Twilight Zone Morning

Jan 28, 2008 16:53

I had to slap myself when I saw the front-page headline in this morning's Globe and Mail. "Brutal Indonesian dictator dies at 86", read the headline and the obituary opened as follows.

Suharto of Indonesia, whose 32-year dictatorship was one of the most brutal and corrupt of the 20th century, dies yesterday in Jakarta. He was 86.

He was the world's most successful kleptocrat and, some say, a mass murderer, who ruled Indonesia with strong-arm techniques he learned at the knee of the Kempeitai, Japan's equvalent of the Gestapo during the Second World War. [My italics.]

With the except of the phrase, some say, that was one of the most accurate openings to an obituary I can remember seeing in the mainstream press in a long time - and maybe ever.
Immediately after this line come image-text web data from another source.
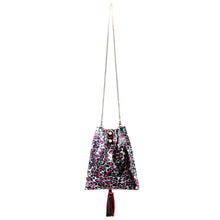 Metallic Pink Leopard Drawstring Crossbody Bag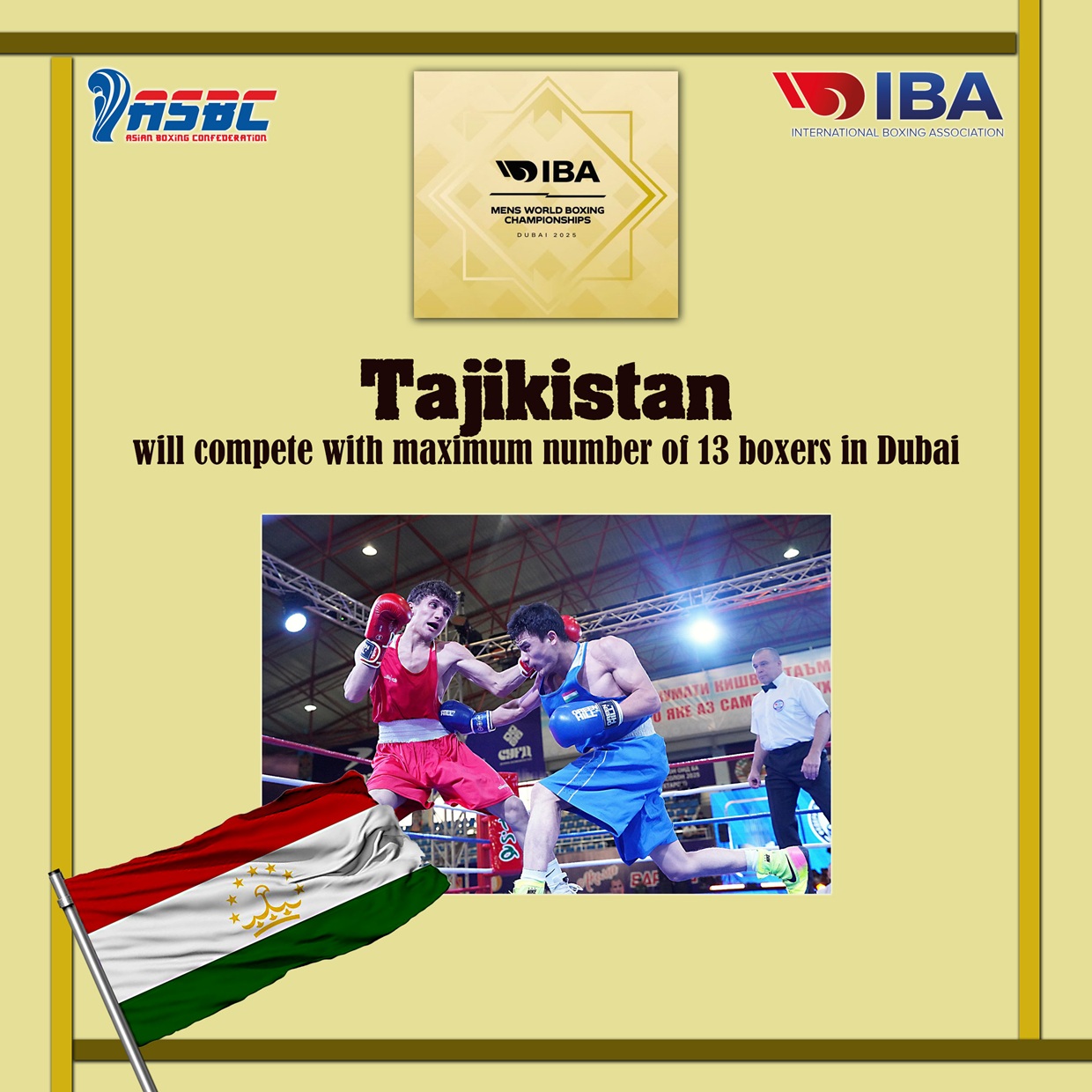 Le Tadjikistan concourra avec un nombre maximum de 13 boxeurs à Dubaï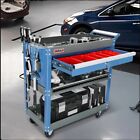 3 Tier Rolling Tool Cart on Wheels with Locking Drawer Metal Service Cart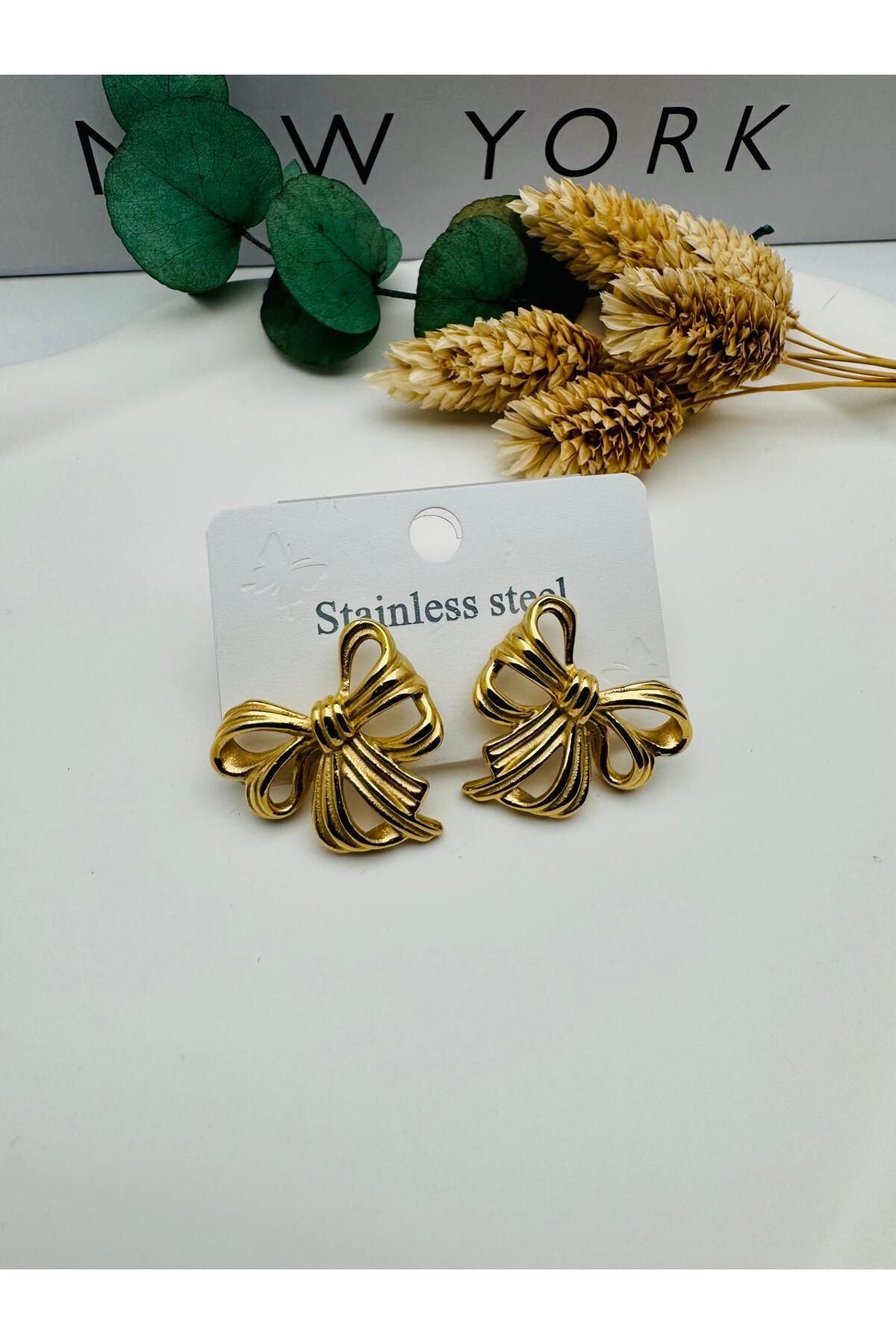 HEDİYELANDY Fiyonk Model Çelik Küpe (Gold) Kp489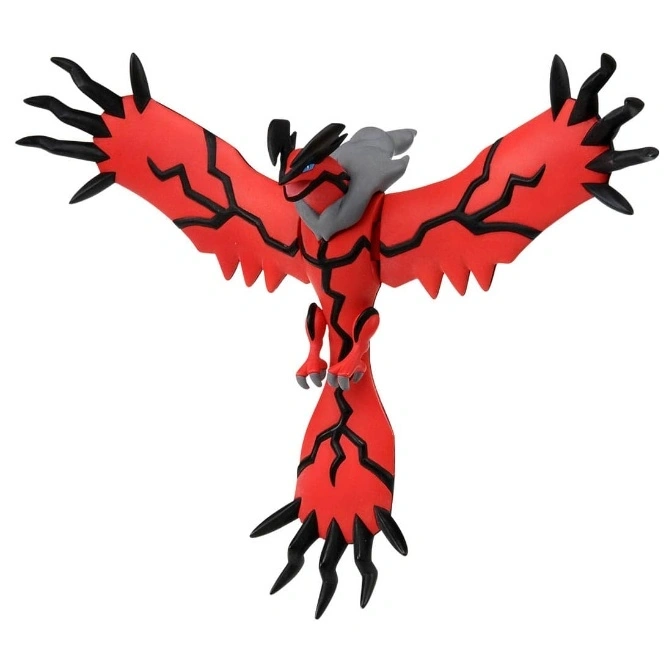 Yveltal figurine with red wings outlined in black, gray neck, and black claws.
Which might explain why the online version is a little weaker, shorn of the editorial words, "brutal" and "corrupt". But still, if you're unaware of this monster, who ruled Indonesia for 32 years and who, as a great friend did indeed oversee the murder of millions, the above-noted piece will come as quite an eye-opener, especially for any of you Canucks who like to think our international politics are ever so much cleaner than those of our American cousins.

Good riddance to bad rubbish, but as others have pointed out (see lopukhov's impassioned diatribe as an example), there is something dis-heartening in the fact that he died without ever have had to face justice for his crimes.